Le
chemin du Christ
L'entrée triomphale à Jérusalem
: Matthieu
21, 1-11
Autres lectures : Isaïe
50, 4-7;
Psaume
21(22); Philippiens
2, 6-11
Quand Matthieu raconte l’entrée
de Jésus à Jérusalem, il précise que
cela s’est passé pour accomplir la promesse transmise
par le prophète : Dites à la fille de Sion : Voici
ton roi qui vient vers toi, humble, monté sur une ânesse
et un petit âne, le petit d’une bête de somme (21,
5, citant Isaïe
62, 11 ; Zacharie
9, 9). Pourtant, quand Jésus entra dans la ville, on
se demandait : Qui est cet homme ? Et les foules répondaient
: C’est le prophète Jésus (Mt
21, 10-11).
Tout cela reflète bien le contexte dans lequel
nous lisons cette année la Passion selon saint Matthieu.
En effet, pour nous qui avons la foi, la Semaine sainte et la fête
de Pâques seront l’occasion de laisser à nouveau
entrer chez nous le roi de douceur et de paix. Mais pour ceux qui
ne croient pas et qui parfois même s’opposent à
toute manifestation religieuse dans le domaine public, Jésus
n’est rien de plus qu’un grand homme, un prophète
comme tant d’autres. De Nazareth! Peut-il sortir de là
quelque chose de bon ? (Jn 1, 46).
À
la suite du Christ
À nous qui voyons en lui le messie promis, Jésus
redit aujourd’hui : Mon temps est proche; c’est chez
toi que je veux célébrer la Pâque (Mt
26, 18). Pour cela, il importe de suivre Jésus jusqu’à
la croix. Notre présence à l’église à
tous les dimanches et les efforts que nous faisons pour ajuster
nos vies à l’Évangile témoignent déjà
de notre volonté de suivre le Christ jusqu’au bout.

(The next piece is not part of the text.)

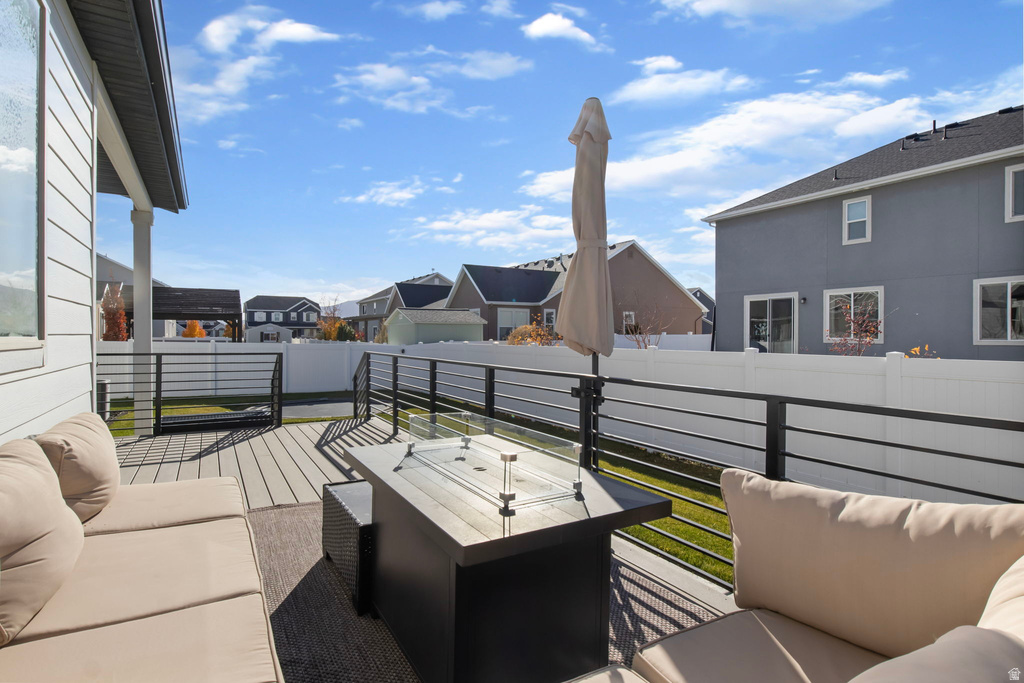 592 S 2150 W Lehi, UT 84043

Comme Pierre, nous sommes prêts à déclarer :
Si tous viennent à tomber à cause de toi, moi,
je ne tomberai jamais (26, 33). Même si je dois mourir
avec toi, je ne te renierai pas (26, 35). Pourtant, quand la
croix se dresse à l’horizon, nos beaux discours ne tiennent
pas toujours la route. Heureusement, au moment d’offrir sa
vie, Jésus précise que son sang est répandu
en rémission des péchés (26, 28). Et
il promet : Je boirai un vin nouveau avec vous dans le Royaume
de mon Père (26, 29).
Se
fortifier par la prière
En gravissant la route du calvaire, Jésus nous
montre le chemin. Il nous invite d’abord à trouver comme
lui la force d’aller jusqu’au bout dans la prière
: Demeurez ici et veillez avec moi (26, 38). Aurons-nous
la force de veiller avec lui? Ou bien tomberons-nous endormis comme
Pierre, Jacques et Jean? Dans sa prière, Jésus demande
: s’il est possible, que cette coupe passe loin de moi!

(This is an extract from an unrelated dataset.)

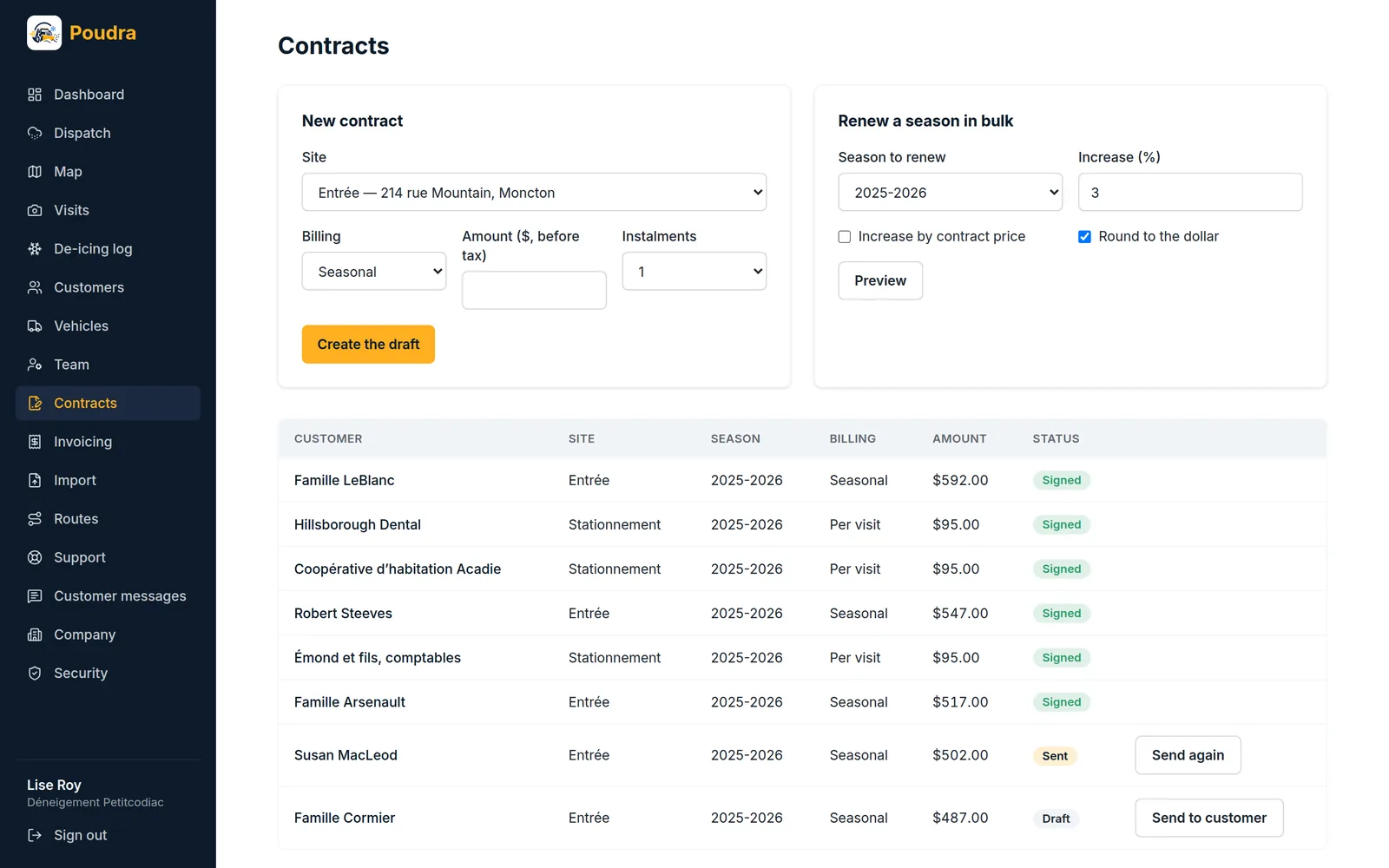 Contracts screen: creation, bulk renewal of a season and the list of contracts with their status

(26, 39). Et, comme il nous l’a enseigné dans le
Notre Père, il s’empresse d’ajouter : Cependant,
non pas comme je veux, mais comme tu veux (26, 39), que ta
volonté soit faite! (26, 42). Que le Seigneur nous éveille
à la vraie prière. Malgré tout ce qui nous
engourdit et nous rend lourds de sommeil, qu’il continue de
nous offrir son amitié, lui qui a répondu au baiser
de Judas en l’appelant mon ami… (26, 50).
En contemplant la prière de Jésus, nous
nous étonnons de ce que Dieu le Père ne semble pas
lui répondre. À cause du silence de Dieu, nous sommes
parfois tentés, comme l’un des disciples d’alors,
de prendre les choses en main. À celui qui a dégainé
son épée et tranché l’oreille du serviteur
du grand prêtre, Jésus déclare que tous ceux
qui prennent l’épée périront par l’épée
(26, 52). Dieu aurait pu choisir d’envoyer plus de douze
légions (26, 53), soixante-douze mille anges pour éviter
la croix à son Fils! Mais alors, comment s’accompliraient
les Écritures? (26, 54) Dit autrement, Dieu aurait pu
révéler sa puissance à la manière des
hommes, mais alors, nous n’aurions pas su jusqu’où
peut aller l’amour, la véritable puissance de Dieu!
La
montée invincible de l'amour
Dans le reste du récit de la Passion, Jésus
nous montre jusqu’où va l’amour. Avant même
le procès devant le Sanhédrin, son sort est déjà
décidé : On cherche un faux témoignage contre
Jésus pour le faire condamner à mort (26, 5.9).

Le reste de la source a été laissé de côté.